Saturday 24th October 2pm
This was a chance to see the performance of Judith Weir’s epic choral masterpiece The Big Picture which was performed at last year’s soundfestival to celebrate the re-opening of Aberdeen Art Gallery after its long closure for major refurbishment. I was there last year and remember the huge sense of occasion that surrounded the performance.
However, dare I say that this film of the event was infinitely better for me than the live performance. The filming was absolutely tremendous. When I was at the original performance standing at the floor level, I could see conductor Roger Williams, the Con Anima Chamber Choir and Jeremy Coleman on keyboard. The community choir and Lisa Nicol on percussion were only just visible but not clearly and only today did I discover that clarinettist Joanna Nicholson was on the very top floor.
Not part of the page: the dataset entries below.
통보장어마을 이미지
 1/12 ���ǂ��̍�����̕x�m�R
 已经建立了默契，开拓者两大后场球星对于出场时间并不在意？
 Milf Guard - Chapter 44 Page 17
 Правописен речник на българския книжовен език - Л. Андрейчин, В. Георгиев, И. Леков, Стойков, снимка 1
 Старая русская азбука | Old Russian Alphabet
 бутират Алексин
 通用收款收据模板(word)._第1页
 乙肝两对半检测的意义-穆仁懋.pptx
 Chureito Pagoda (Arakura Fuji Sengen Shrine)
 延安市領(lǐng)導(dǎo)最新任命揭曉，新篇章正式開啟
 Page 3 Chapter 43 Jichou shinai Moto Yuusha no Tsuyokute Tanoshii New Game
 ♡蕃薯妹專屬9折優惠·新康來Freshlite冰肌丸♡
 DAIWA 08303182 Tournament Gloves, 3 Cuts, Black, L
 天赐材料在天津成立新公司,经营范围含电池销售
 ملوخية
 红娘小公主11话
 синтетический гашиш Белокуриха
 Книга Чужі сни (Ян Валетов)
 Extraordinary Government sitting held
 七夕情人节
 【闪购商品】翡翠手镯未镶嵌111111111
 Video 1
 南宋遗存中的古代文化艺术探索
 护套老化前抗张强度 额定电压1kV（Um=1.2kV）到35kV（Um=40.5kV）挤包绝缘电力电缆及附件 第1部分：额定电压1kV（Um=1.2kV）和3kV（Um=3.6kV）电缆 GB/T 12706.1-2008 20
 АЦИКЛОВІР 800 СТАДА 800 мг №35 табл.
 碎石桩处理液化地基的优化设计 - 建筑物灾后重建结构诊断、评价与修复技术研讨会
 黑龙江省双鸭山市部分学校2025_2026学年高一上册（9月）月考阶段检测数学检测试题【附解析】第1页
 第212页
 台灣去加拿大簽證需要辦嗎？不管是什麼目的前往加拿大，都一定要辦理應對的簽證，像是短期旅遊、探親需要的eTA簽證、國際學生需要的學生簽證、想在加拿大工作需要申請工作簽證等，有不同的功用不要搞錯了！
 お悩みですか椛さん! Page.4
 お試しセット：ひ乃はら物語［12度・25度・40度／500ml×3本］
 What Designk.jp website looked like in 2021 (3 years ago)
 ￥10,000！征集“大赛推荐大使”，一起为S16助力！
Where I was standing I thought she must be on the second floor but hidden by the choir. The film makers focused on the particular performers and that was just great. I must also say that on the film, the sound was also so much better. The chattering and clinking of glasses from the side galleries was very much minimised so the music could be enjoyed more fully. This is a film that everyone should see.
It was indeed a wonderful piece in which Judith Weir presents five movements all related to colours, a perfect choice for a piece related to the reopening of an Art Gallery. It was certainly the most lavish performance ever staged by sound, both for its size and the breadth of its musical sounds: semi-professional chamber chorus, community choir made up of children from many Aberdeen Schools (and some older singers). The freshness of the children’s voices was special. They also had some input to the percussion, the main part of which was performed by Dr Lisa Nicol who trains Aberdeen University percussionists who have been star performers at the Music Department for some years. There was also of course clarinettist Joanna Nicholson whose many appearances at sound have always been real star turns.
After the performance Pete Stollery chaired a discussion with composer Judith Weir and conductor Dr Roger Williams about the preparations that had gone into the event over several years. Judith Weir told us that she had visited the Art Gallery with Roger, Fiona Robertson and people from the Gallery to think about the kinds of spatial things she would have to take account of in composing the piece. Dr Williams had also put in a vast amount of work organising rehearsals for Con Anima, the community choir and its various school groups and the percussion and clarinet soloists and then finally binding them all together. The result was stupendous as the film proves. You should certainly take a chance to see what was one of the most epic and enjoyable events ever staged by sound.